Of course, this is no easy task and the final decision should be made after further on-site investigation, but with some data we can already reduce the area to check to a handful of locations.

This analysis will be based on the following assumptions:

- Areas in which the restaurant density is very low will not be considered as good spots: indeed, if one could assume that they represent a gap to fill (which might be true!) they are most likely empty for a reason - e.g. prohibitive prices, protected or historical areas, etc.


- It is better to open an italian restaurant in neighborhoods where Italian Restaurants are among the most popular as this implies a demand for this type of food.

- However the new italian restaurant should be as far as possible from the existing ones as clients might prefer the venues they are used to.

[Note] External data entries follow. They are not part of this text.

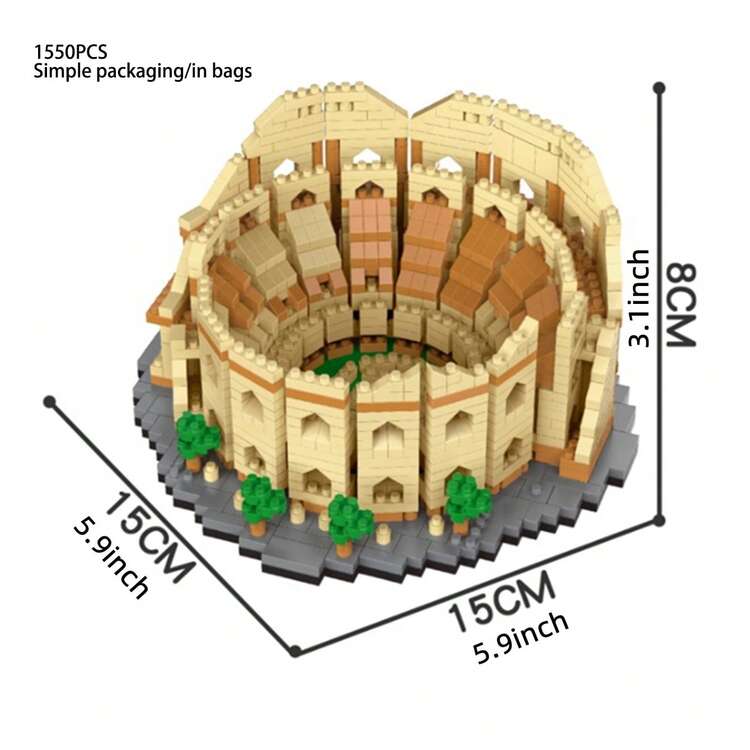 1300pcs World Famous Eiffel Tower Small Particle Building Blocks Assembly Model, Ancient Roman Architecture Building Blocks Eternal City Set - Explore World Wonders, Perfect Choice For Collectors And Holiday Gifts, Desktop Decor, Stress Relief, Home Decor, Office Desktop Decoration, Holiday Gifts, Father's Day Gifts, Mother's Day Gifts, Wedding Gifts, Wedding Decor, Graduation Gifts - Colour Box - View 8
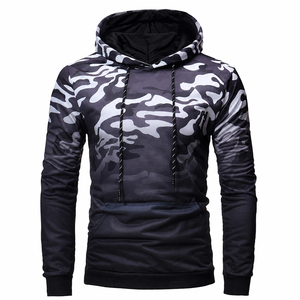 Sweat-shirt à capuche camouflage noir et gris personnalisé pour homme, style streetwear décontracté - Product Image 1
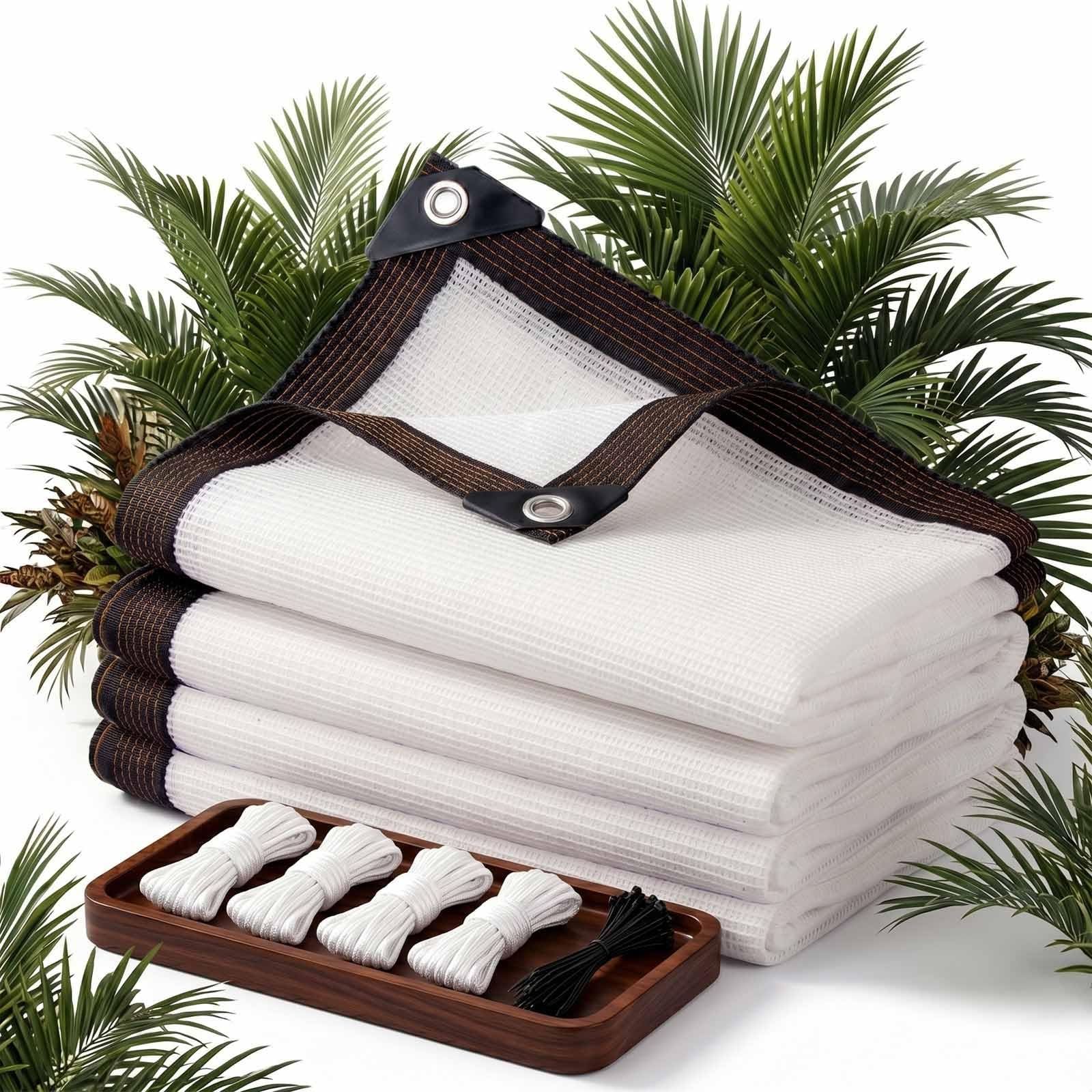 Voile ombrage blanc impermeable 3x5m avec cordes de fixation pour jardin et balcon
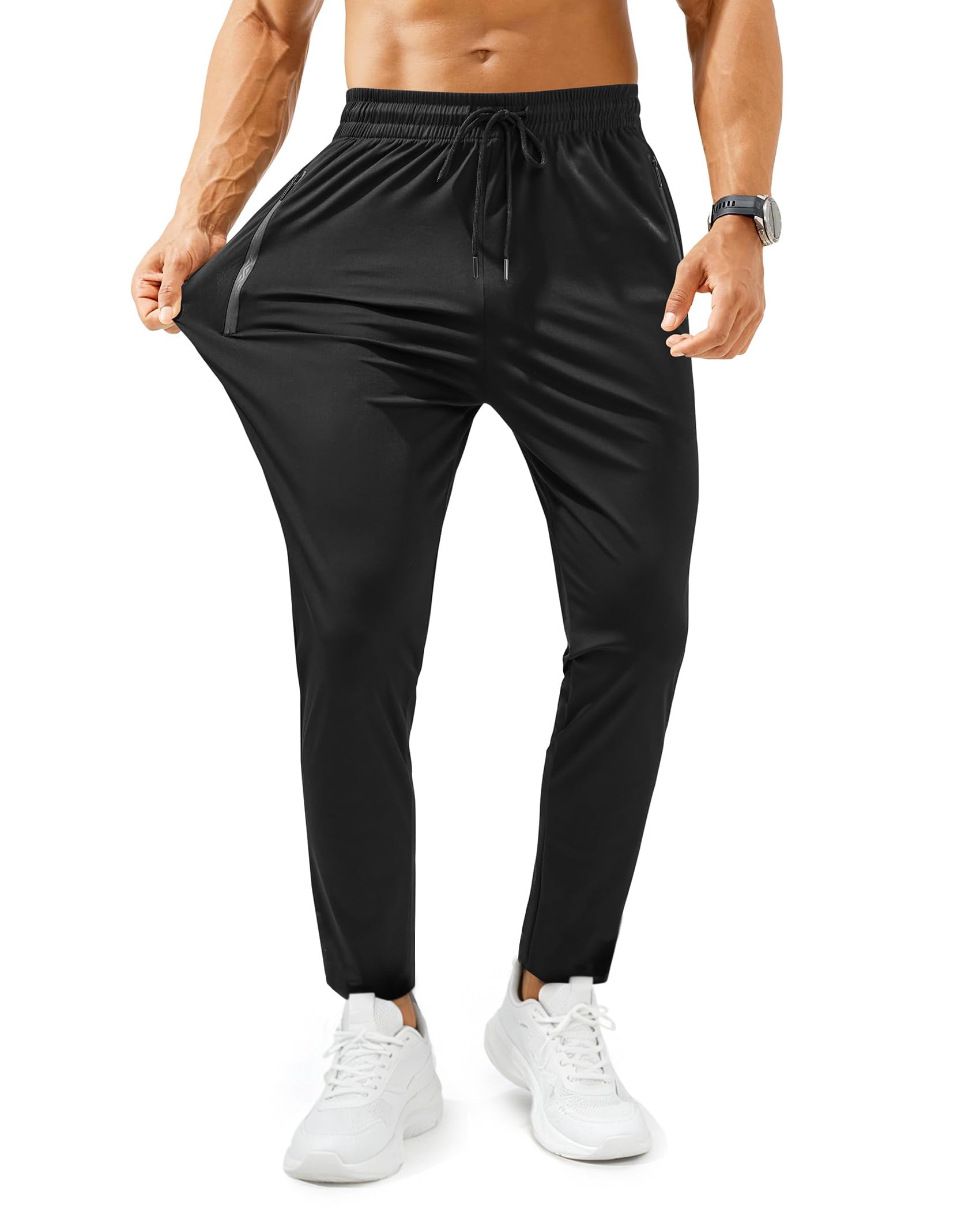 Mens Sweatpants Joggers with Zipper Pocket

- Even though french and italian cuisines are very distinct, they are usually enjoyed in a similar way: both french and italian food lovers will tend to sit for quite a while, taking their time to enjoy a good meal, as opposed to other types of food that can be enjoyed on the go. As a consequence, we will favour areas with many french restaurants, as they will mainly attract clients that would enjoy italian food as well.




******
## Data <a name="data"></a>

For this analysis, we will need to get data regarding Paris' arrondissements (i.e. neighborhoods):
- their shape
- their center

This will allow us to map our findings, gather data on nearby venues and frame potential clusters.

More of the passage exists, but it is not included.